WHAT YOU NEED TO DO » Copy out the full data exactly as given; pictures should not be included.

SOURCE DATA Start Marker

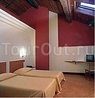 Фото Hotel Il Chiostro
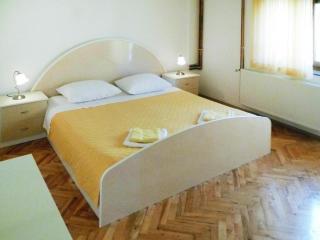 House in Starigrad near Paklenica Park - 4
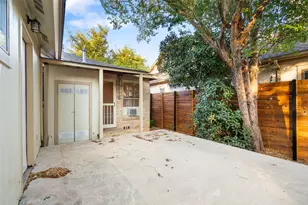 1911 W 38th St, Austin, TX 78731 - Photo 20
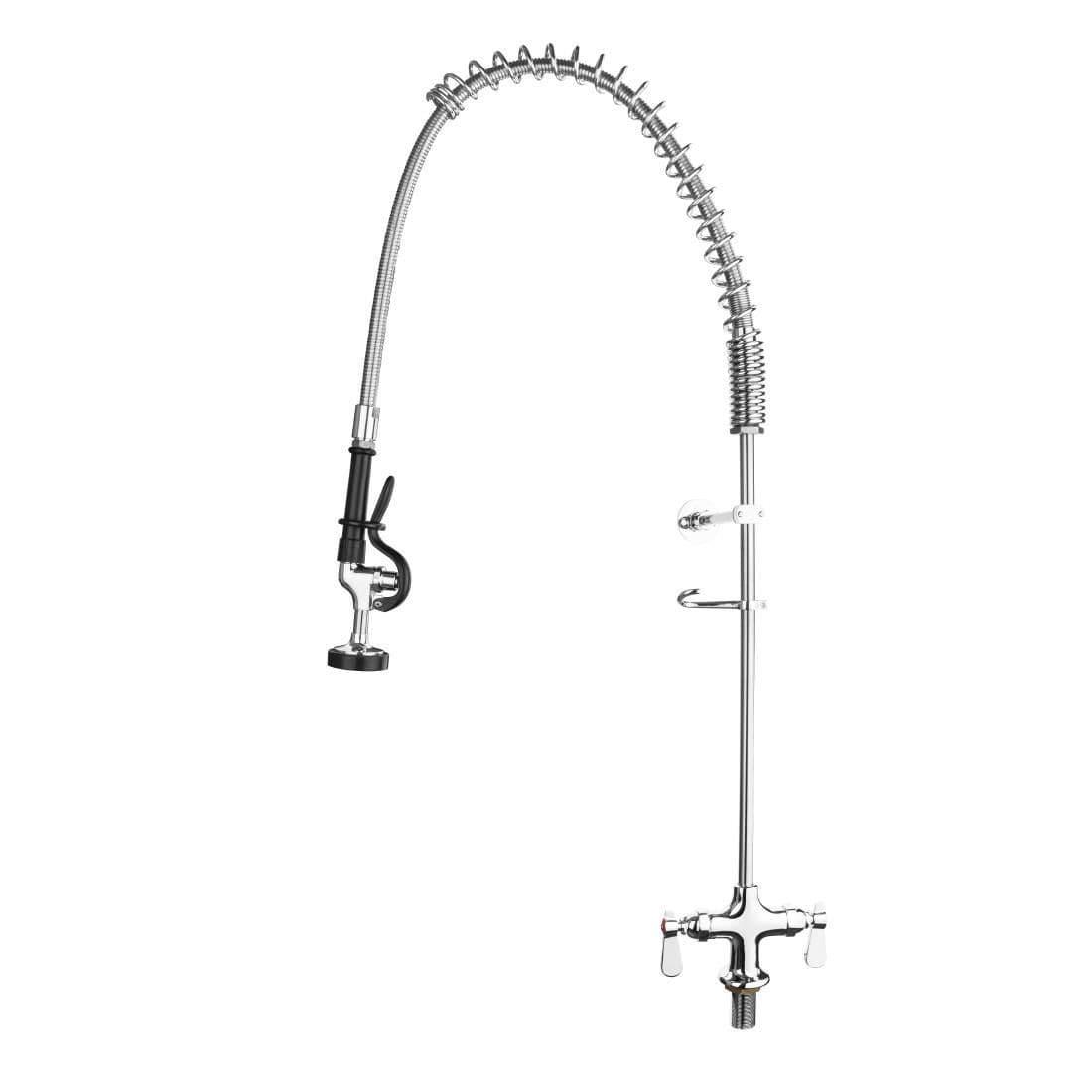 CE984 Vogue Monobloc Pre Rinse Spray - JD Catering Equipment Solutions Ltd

SOURCE DATA End Marker

RESULT BELOW »
 Фото Hotel Il Chiostro
 House in Starigrad near Paklenica Park - 4
 1911 W 38th St, Austin, TX 78731 - Photo 20
 CE984 Vogue Monobloc Pre Rinse Spray - JD Catering Equipment Solutions Ltd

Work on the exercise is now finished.